As a result of deregulation of the news and entertainment industries, a steady series of corporate mergers has concentrated the media into a five-firm oligopoly of unprecedented power. We may think we have a lot of channels to choose from, but they all come from the same handful of sources, all of which are more interested in satisfying corporate investors than in producing an informed electorate. Rather than compete, the media conglomerates collude like mafia bosses, divvying up the available markets, using every available second of air time to sell us products, services, and a consumer lifestyle. This does not speak well to the likelihood of our getting trustworthy news.

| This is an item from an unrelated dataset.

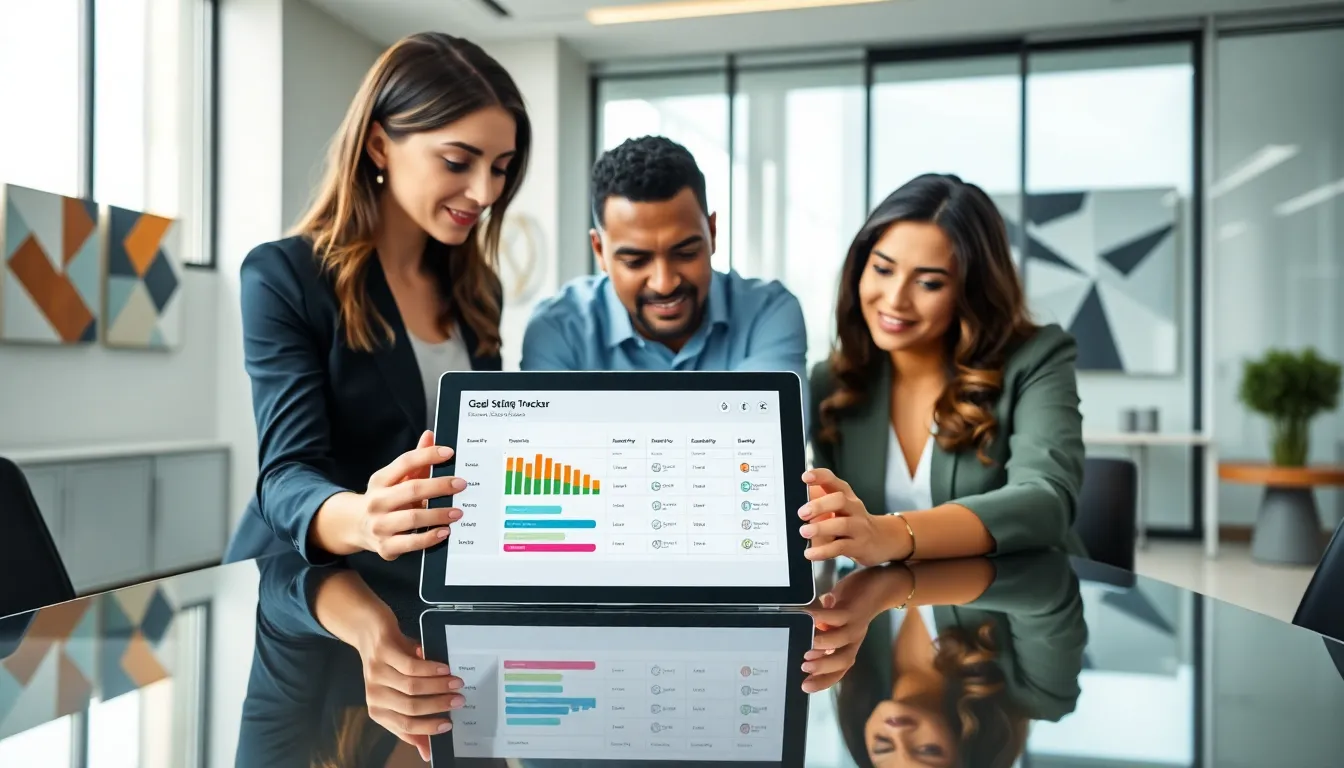 diverse team discussing a goal setting tracker in a modern office.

Rowse deftly slaps down the ridiculous yet pervasive myth that the mass media are liberally biased and demonstrates conclusively that quite the opposite is true. Although many reporters have liberal tendencies, they are not the ones who determine which stories get reported. News networks have become lap dogs for their parent companies, and these media giants are as conservative as they are powerful. Moreover, they respond to advertisers, not the viewing public. NBC, for example, wouldn't dream of reporting on General Electric, the most notorious polluter in the nation, because GE is now NBC's parent company. The same is true of ABC and Disney, CBS and Westinghouse. In fact, every major network is now owned by the biggest advertisers in the nation. Don't think that isn't affecting what gets reported on the 6 o'clock news.....

According to Rowse, about 40% of what we see on the news these days is not even the product of investigative journalism; it is pre-packaged propaganda "donated" to the networks by political and corporate public relations firms. By accepting these gracious handouts, the networks can reduce the number of expensive journalists they employ. The result, of course, is that networks no longer investigate; they merely serve as conduits through which powerful organizations deliver their pre-fab images to the public.

Perhaps Rowse’s most frightening point is the link he makes between poor news reporting and citizen apathy. With nothing but info-tainment and scandal stories on the news, Americans have no viable means to choose between one candidate and another, between one policy and another. So they don’t bother. With voters thus sidelined, well-funded corporate lobbyists have the undivided attention of our lawmakers, whom they outnumber 40 to 1.

This book is well-documented, well-organized, well-written, and vitally important in our times. Better still, it’s truly interesting. Rowse provides fascinating insider anecdotes that bring all his statistics to life. Very highly recommended.